[Assignment] Within the entries below, please return exactly the lines from the one with "Adorable Protagonist: Explore" through the one with "Vera Bradley Floral", leaving out any pictures.

[Source information]
——————

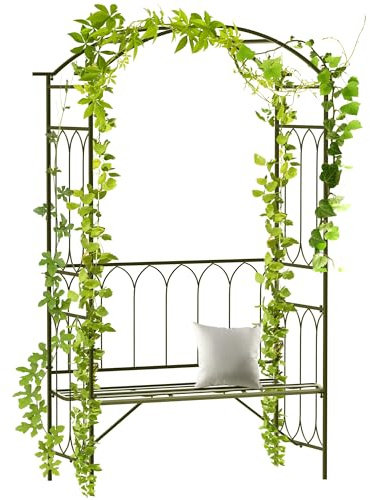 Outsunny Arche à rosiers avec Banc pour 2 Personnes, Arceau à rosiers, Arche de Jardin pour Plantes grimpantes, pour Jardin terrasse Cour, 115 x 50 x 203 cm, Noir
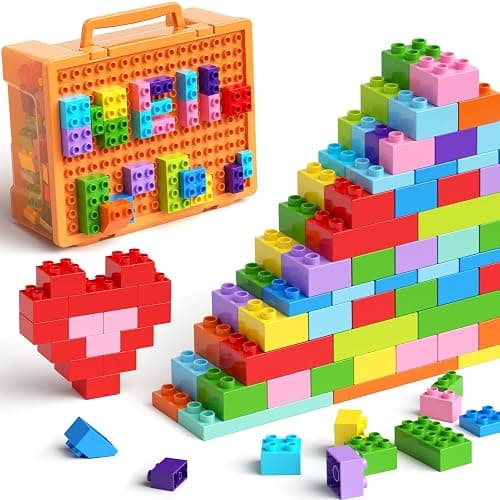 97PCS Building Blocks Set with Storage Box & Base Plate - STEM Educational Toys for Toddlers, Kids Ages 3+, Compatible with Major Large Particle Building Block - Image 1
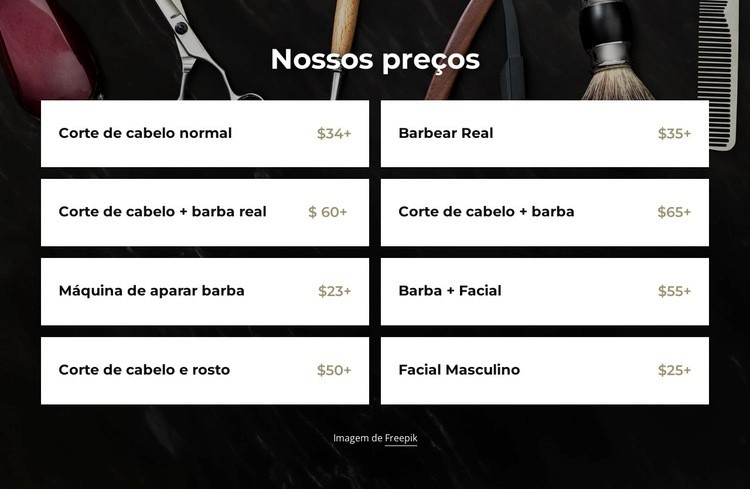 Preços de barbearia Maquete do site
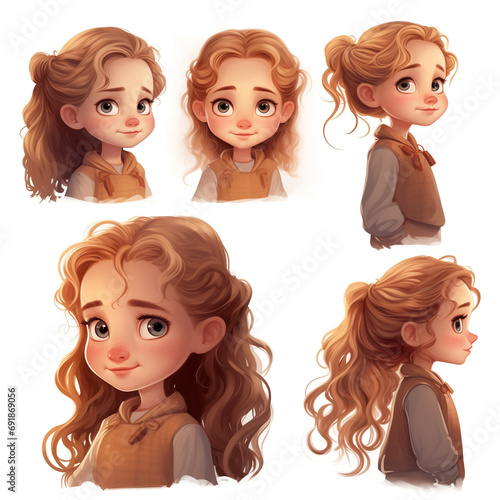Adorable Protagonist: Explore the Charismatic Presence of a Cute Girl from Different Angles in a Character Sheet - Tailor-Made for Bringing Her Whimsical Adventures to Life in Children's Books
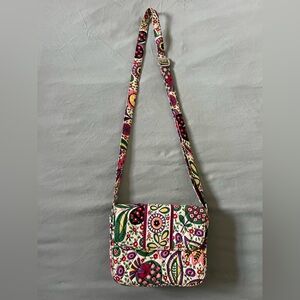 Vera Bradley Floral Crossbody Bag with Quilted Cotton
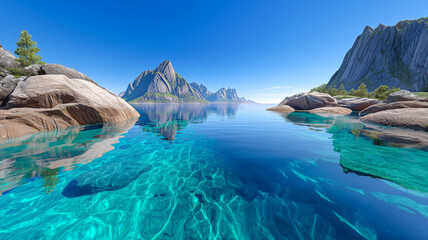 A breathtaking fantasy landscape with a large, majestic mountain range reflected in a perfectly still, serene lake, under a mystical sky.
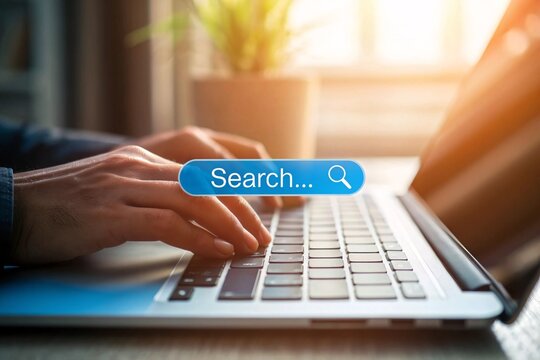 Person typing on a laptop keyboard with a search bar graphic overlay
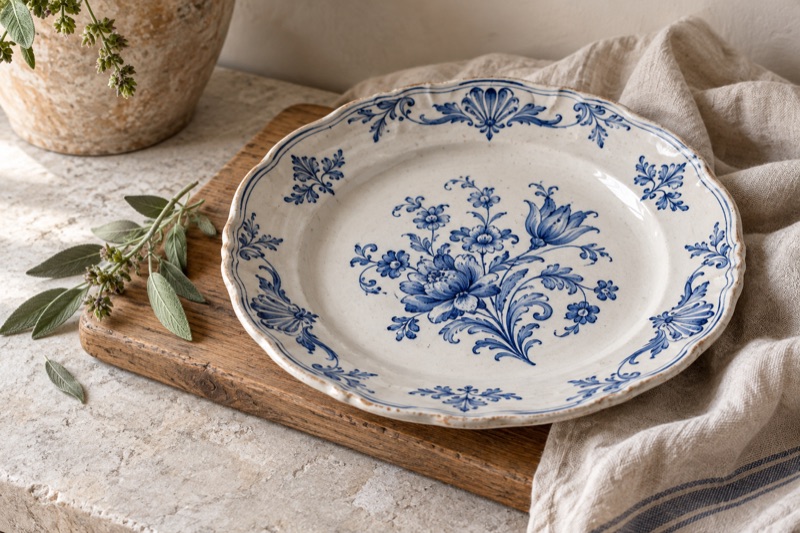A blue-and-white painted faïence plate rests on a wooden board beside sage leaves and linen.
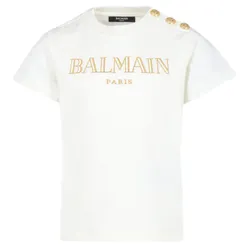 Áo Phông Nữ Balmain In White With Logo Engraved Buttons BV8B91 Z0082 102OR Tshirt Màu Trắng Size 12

——————

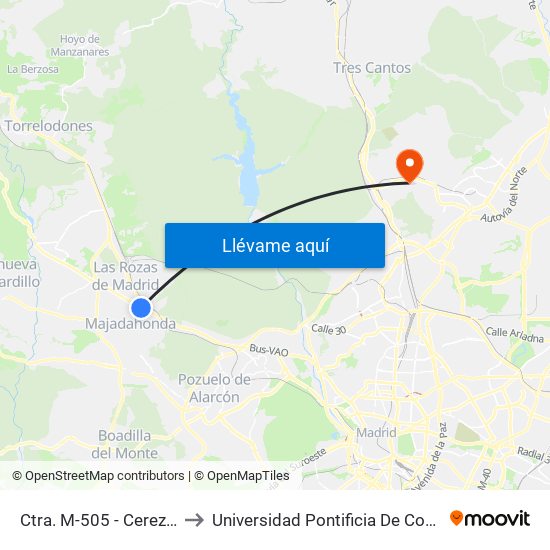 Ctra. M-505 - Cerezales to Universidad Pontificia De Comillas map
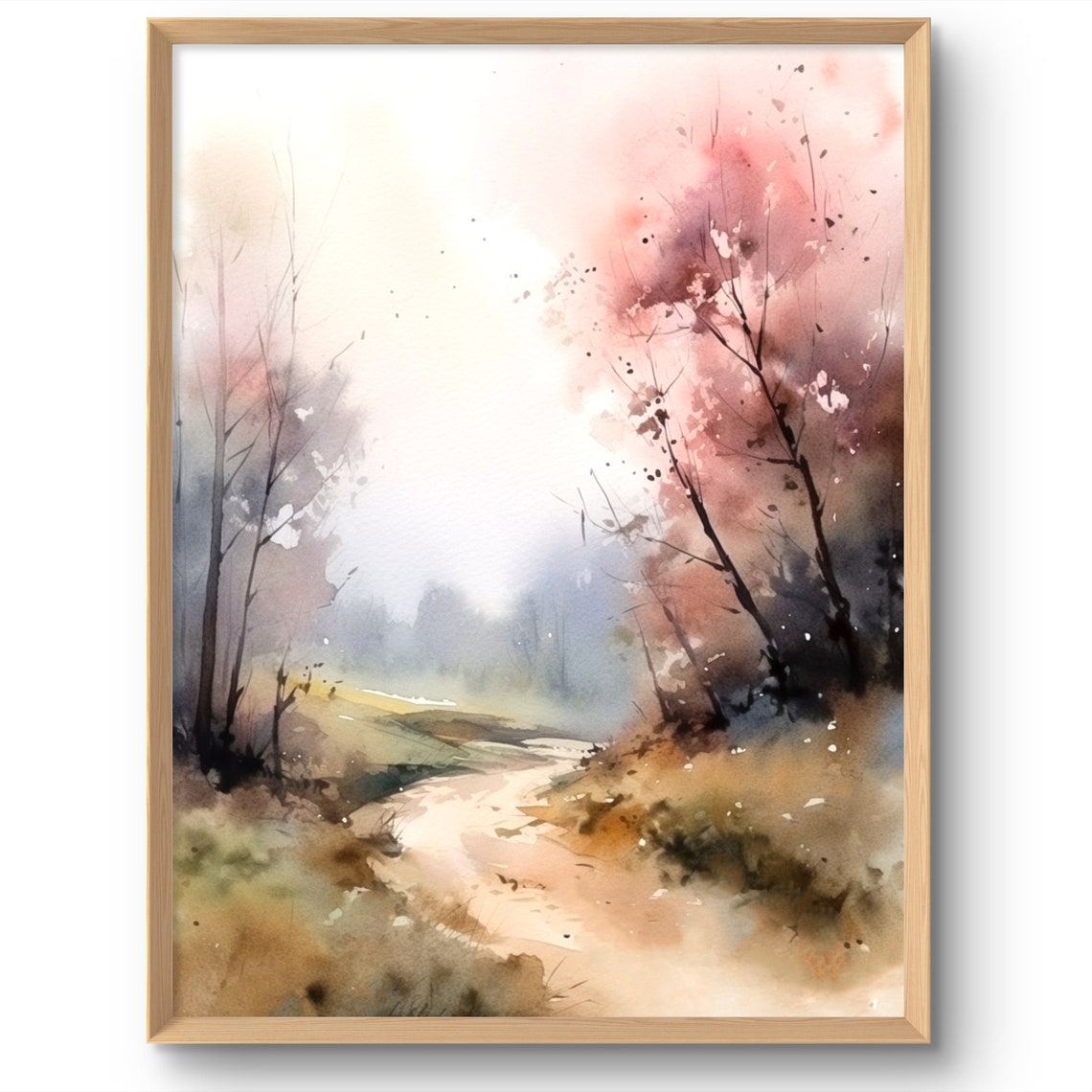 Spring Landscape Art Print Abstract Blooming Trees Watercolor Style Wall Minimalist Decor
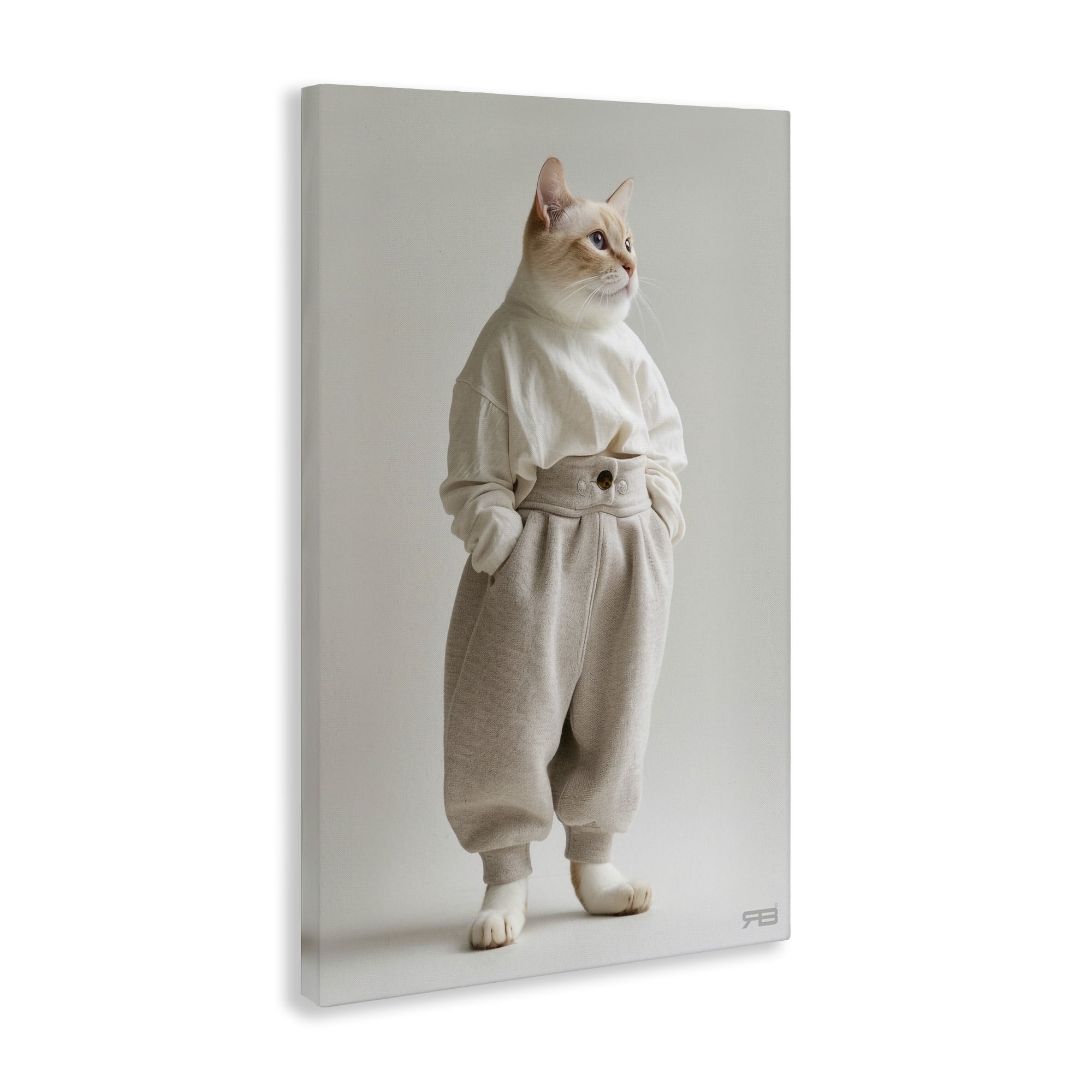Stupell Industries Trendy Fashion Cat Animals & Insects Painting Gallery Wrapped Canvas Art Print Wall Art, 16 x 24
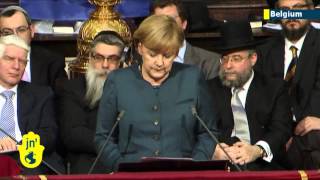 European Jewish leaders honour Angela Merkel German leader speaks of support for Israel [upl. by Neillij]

——————

[Answer space]
Adorable Protagonist: Explore the Charismatic Presence of a Cute Girl from Different Angles in a Character Sheet - Tailor-Made for Bringing Her Whimsical Adventures to Life in Children's Books
 Vera Bradley Floral Crossbody Bag with Quilted Cotton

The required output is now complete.